[Given records]:
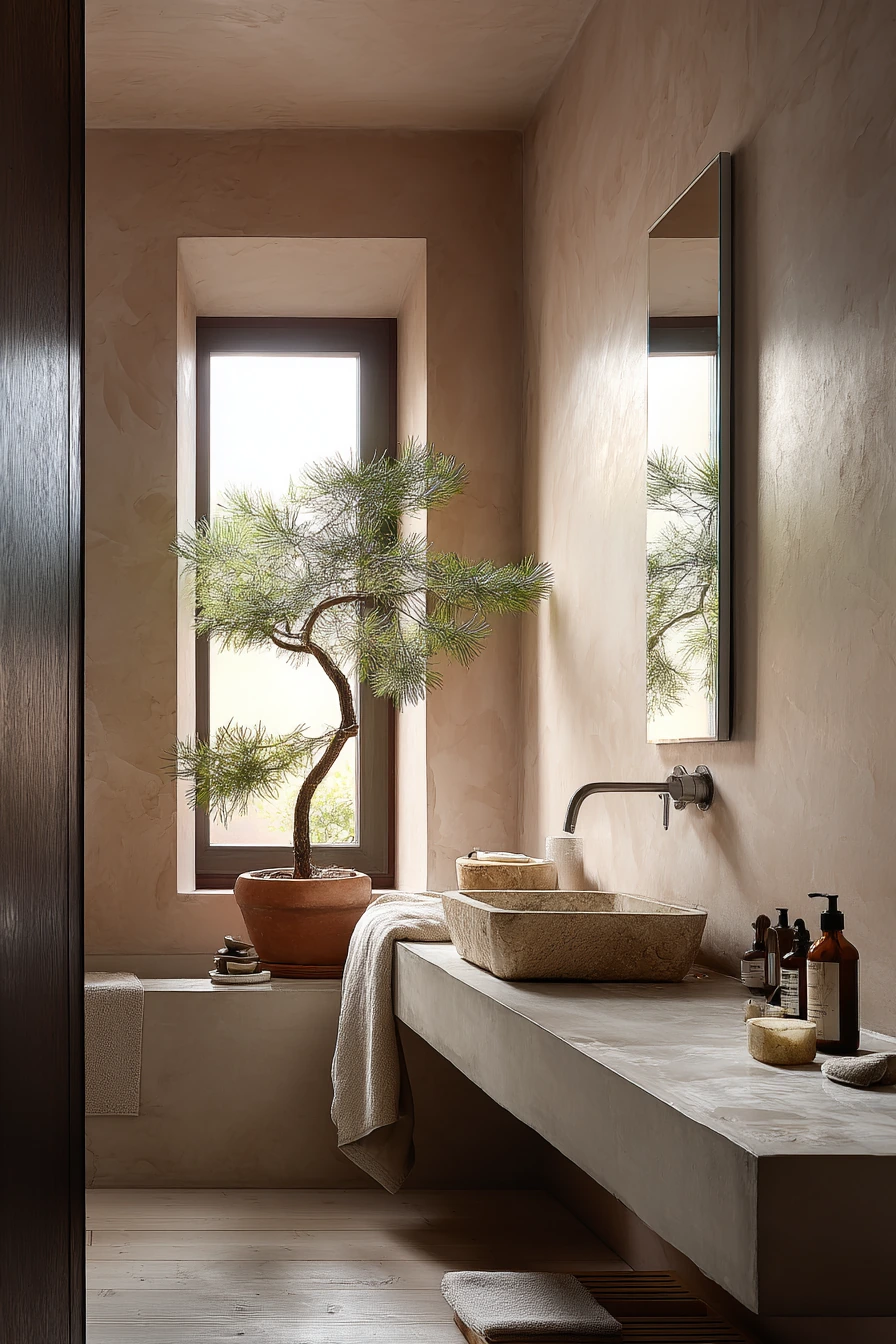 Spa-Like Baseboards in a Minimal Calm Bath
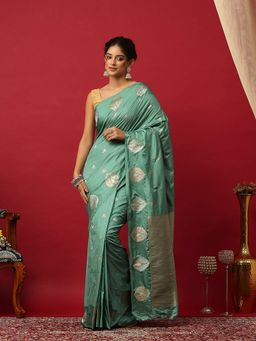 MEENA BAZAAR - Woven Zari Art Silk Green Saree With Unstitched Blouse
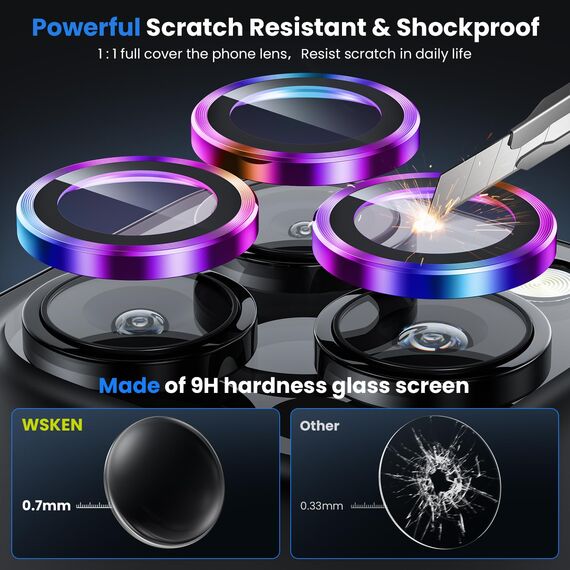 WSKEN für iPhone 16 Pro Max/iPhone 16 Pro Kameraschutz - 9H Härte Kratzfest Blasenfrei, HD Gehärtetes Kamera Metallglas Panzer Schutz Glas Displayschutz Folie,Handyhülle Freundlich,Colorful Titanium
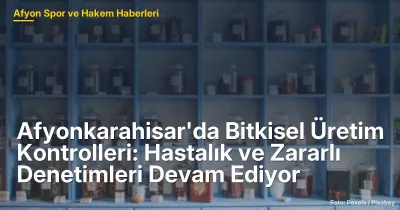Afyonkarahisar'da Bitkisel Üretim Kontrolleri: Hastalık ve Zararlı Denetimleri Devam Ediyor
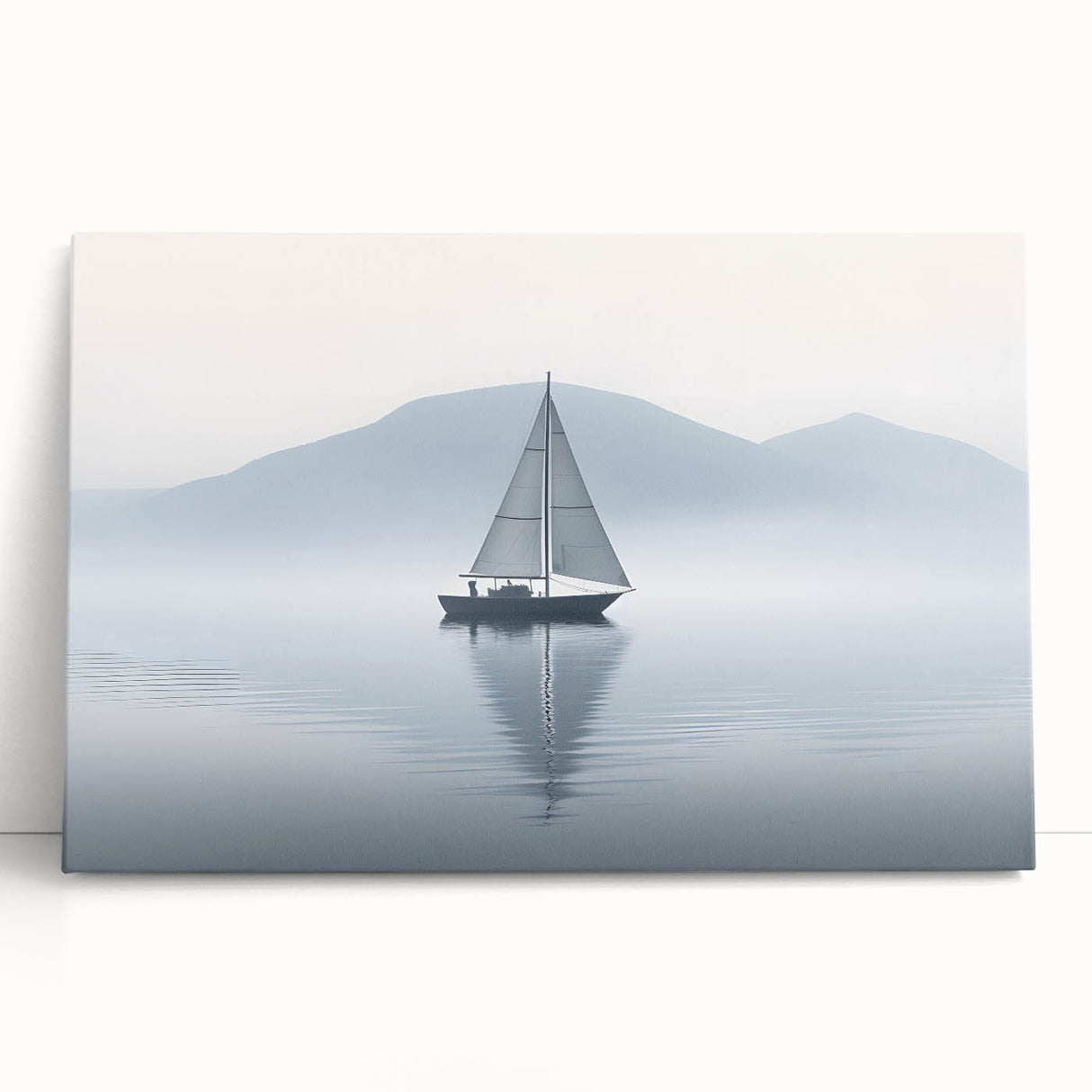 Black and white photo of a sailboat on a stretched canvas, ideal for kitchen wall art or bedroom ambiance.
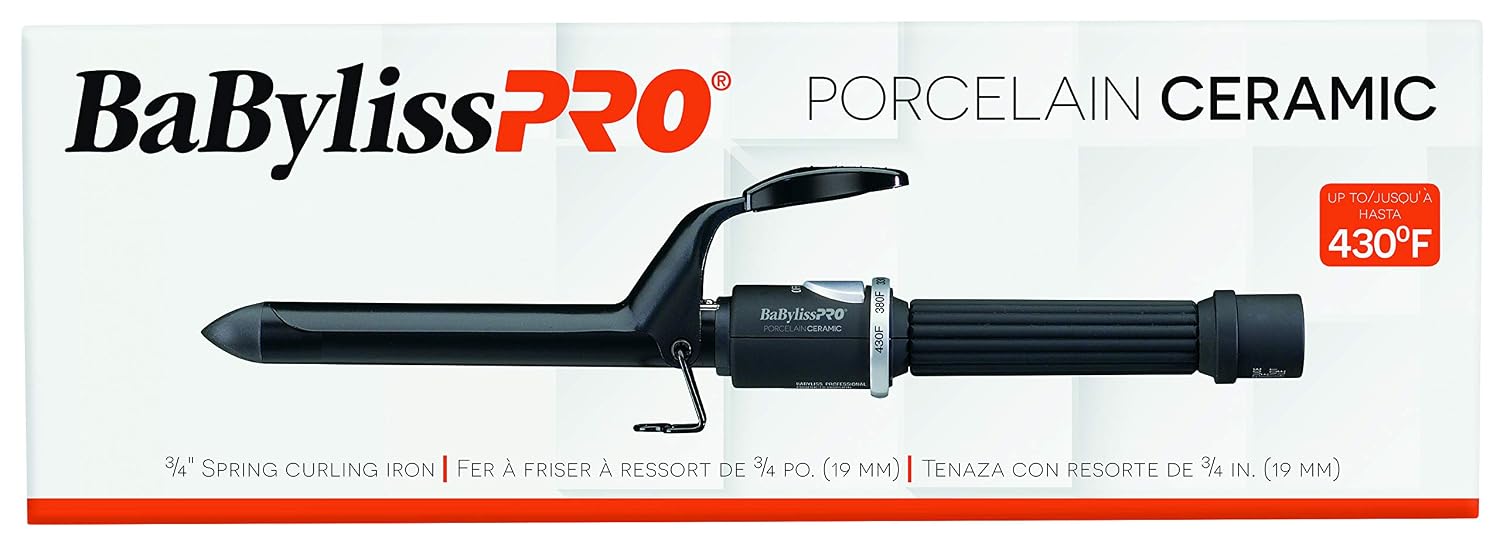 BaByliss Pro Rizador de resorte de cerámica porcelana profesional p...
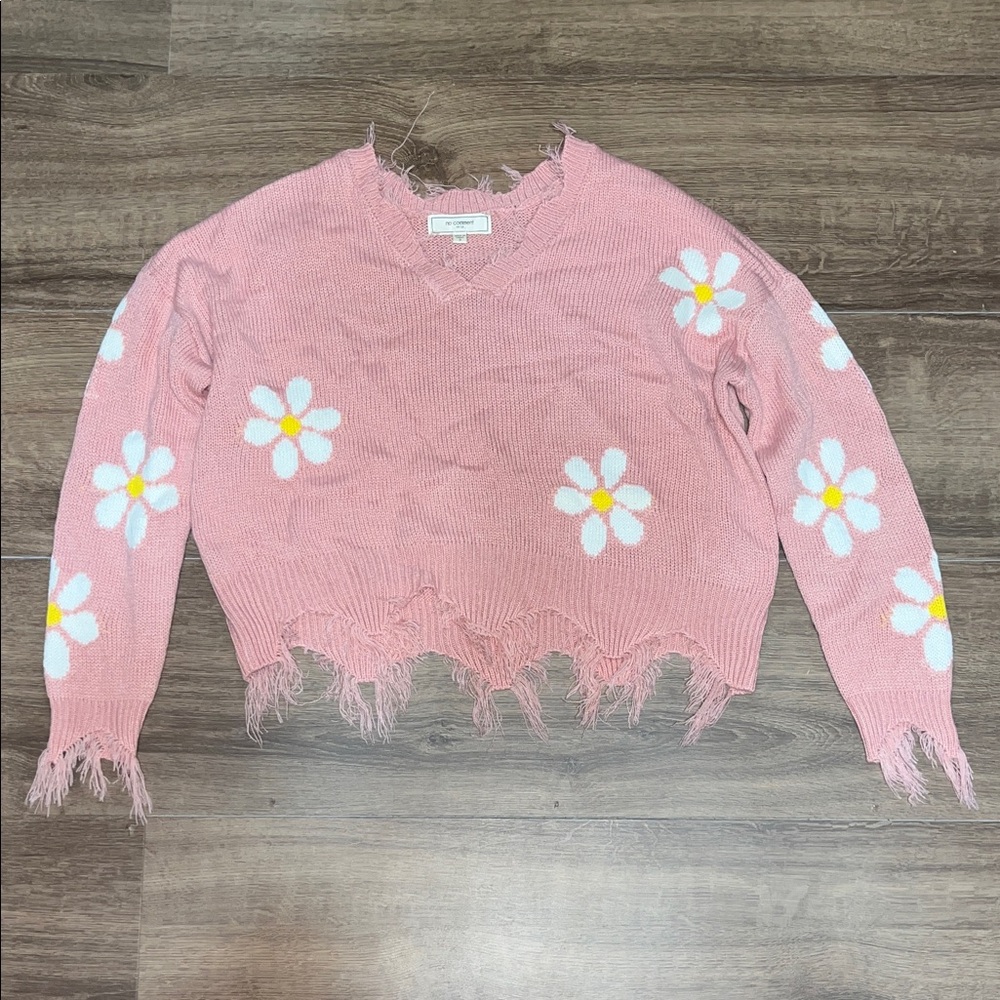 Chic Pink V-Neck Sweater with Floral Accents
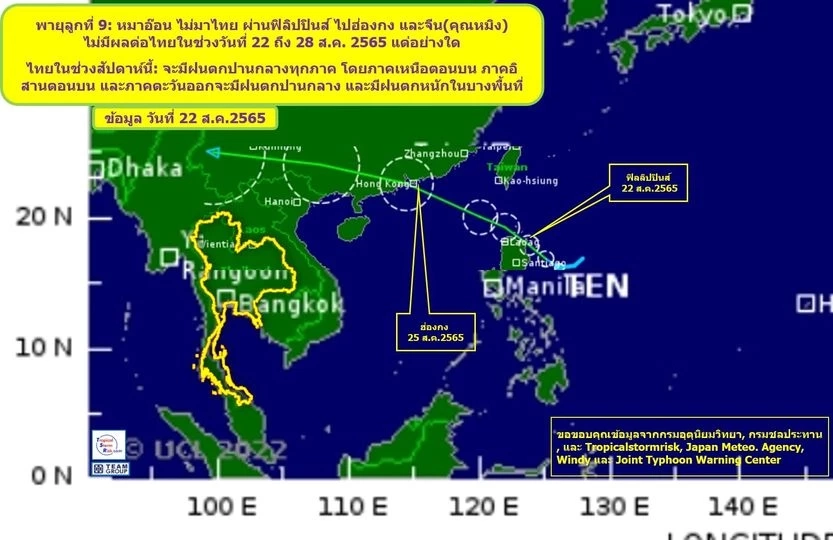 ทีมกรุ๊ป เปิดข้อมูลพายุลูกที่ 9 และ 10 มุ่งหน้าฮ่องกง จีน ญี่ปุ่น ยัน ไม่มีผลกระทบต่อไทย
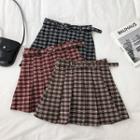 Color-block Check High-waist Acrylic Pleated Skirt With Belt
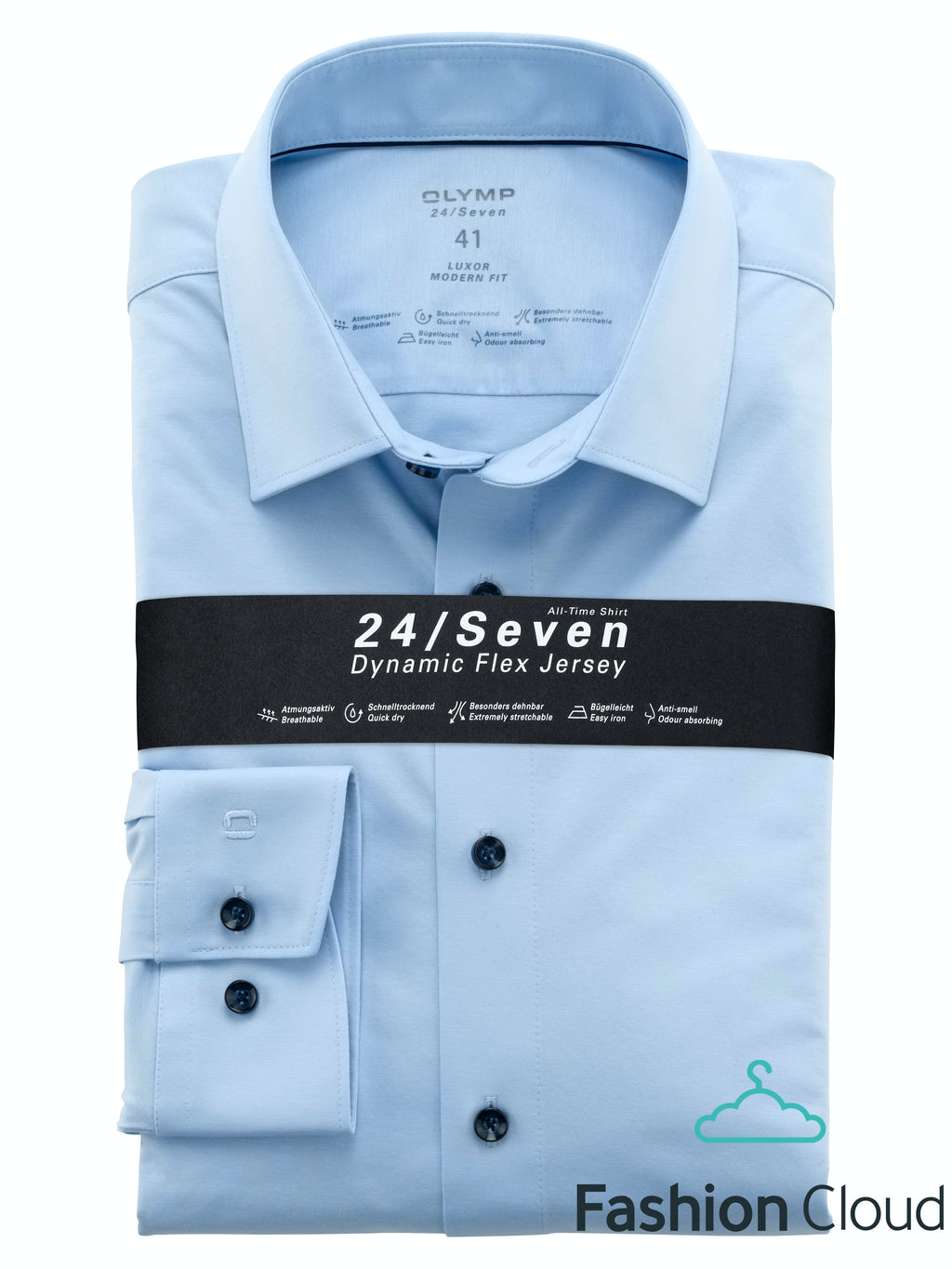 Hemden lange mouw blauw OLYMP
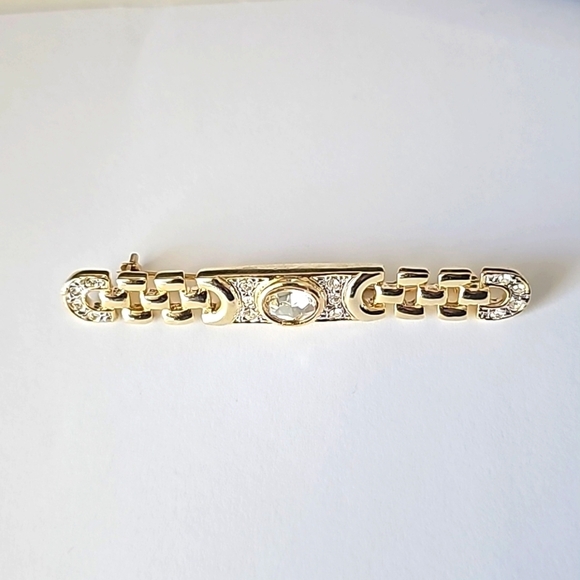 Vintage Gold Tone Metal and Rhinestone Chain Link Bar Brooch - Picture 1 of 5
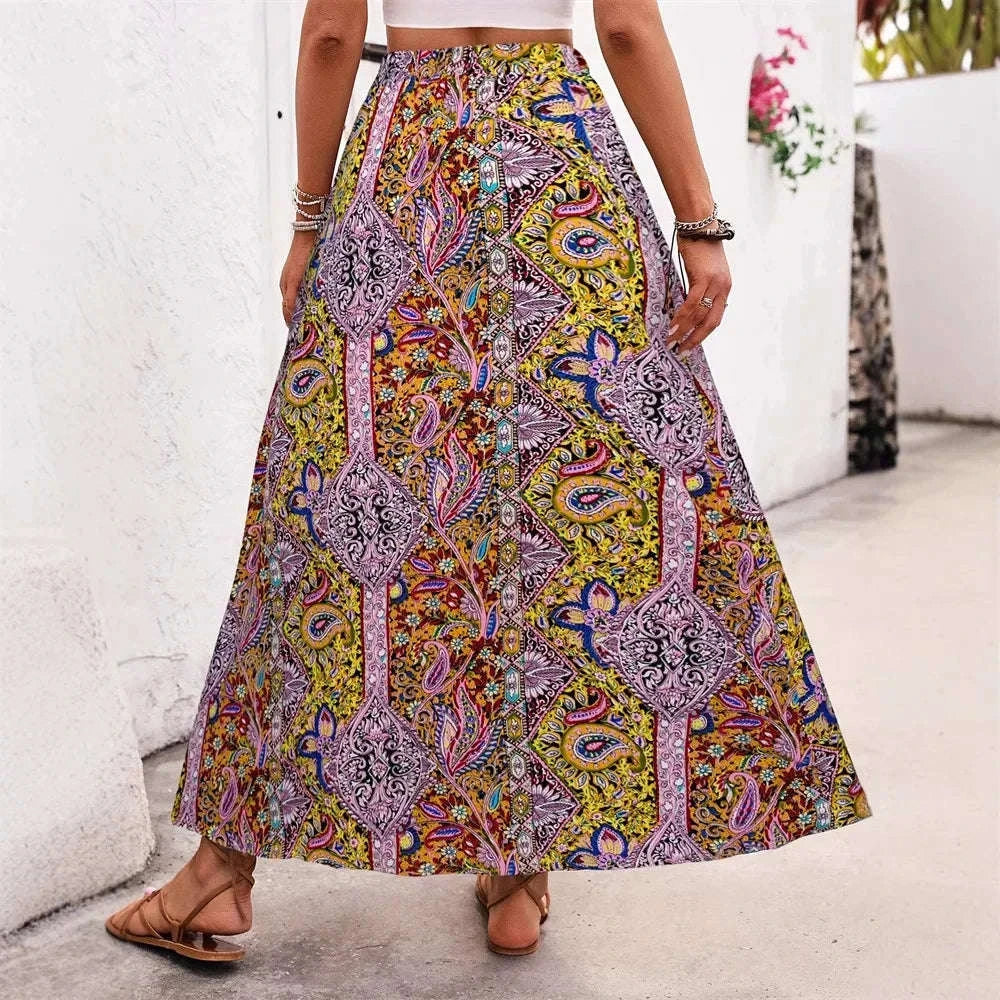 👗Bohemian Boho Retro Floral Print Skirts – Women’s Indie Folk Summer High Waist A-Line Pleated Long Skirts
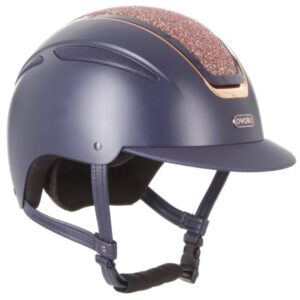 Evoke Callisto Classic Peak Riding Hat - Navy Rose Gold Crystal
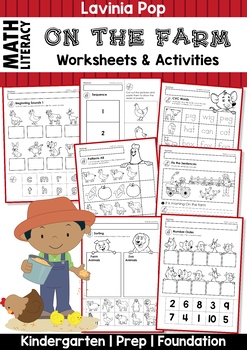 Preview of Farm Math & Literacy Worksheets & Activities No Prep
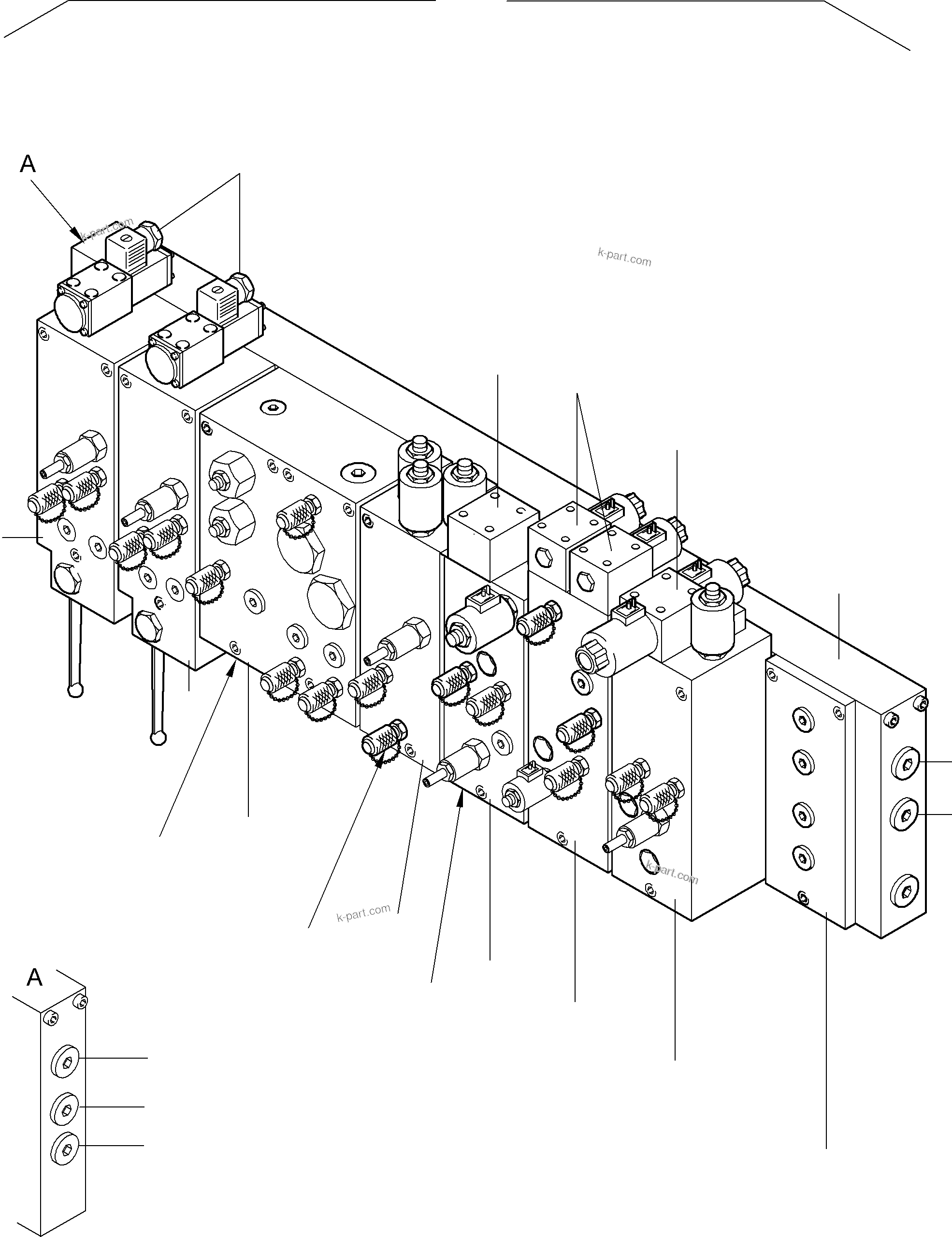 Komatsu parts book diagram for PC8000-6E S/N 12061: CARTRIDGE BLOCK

[Task item]: Copy only this, please: the line with "Chic Pink V-Neck Sweater with Floral Accents" and every line after it through the end of the data, with no pictures.

[Exercise answer]:
 Chic Pink V-Neck Sweater with Floral Accents
 ทีมกรุ๊ป เปิดข้อมูลพายุลูกที่ 9 และ 10 มุ่งหน้าฮ่องกง จีน ญี่ปุ่น ยัน ไม่มีผลกระทบต่อไทย
 Color-block Check High-waist Acrylic Pleated Skirt With Belt
 Hemden lange mouw blauw OLYMP
 Vintage Gold Tone Metal and Rhinestone Chain Link Bar Brooch - Picture 1 of 5
 👗Bohemian Boho Retro Floral Print Skirts – Women’s Indie Folk Summer High Waist A-Line Pleated Long Skirts
 Evoke Callisto Classic Peak Riding Hat - Navy Rose Gold Crystal
 Preview of Farm Math & Literacy Worksheets & Activities No Prep
 Komatsu parts book diagram for PC8000-6E S/N 12061: CARTRIDGE BLOCK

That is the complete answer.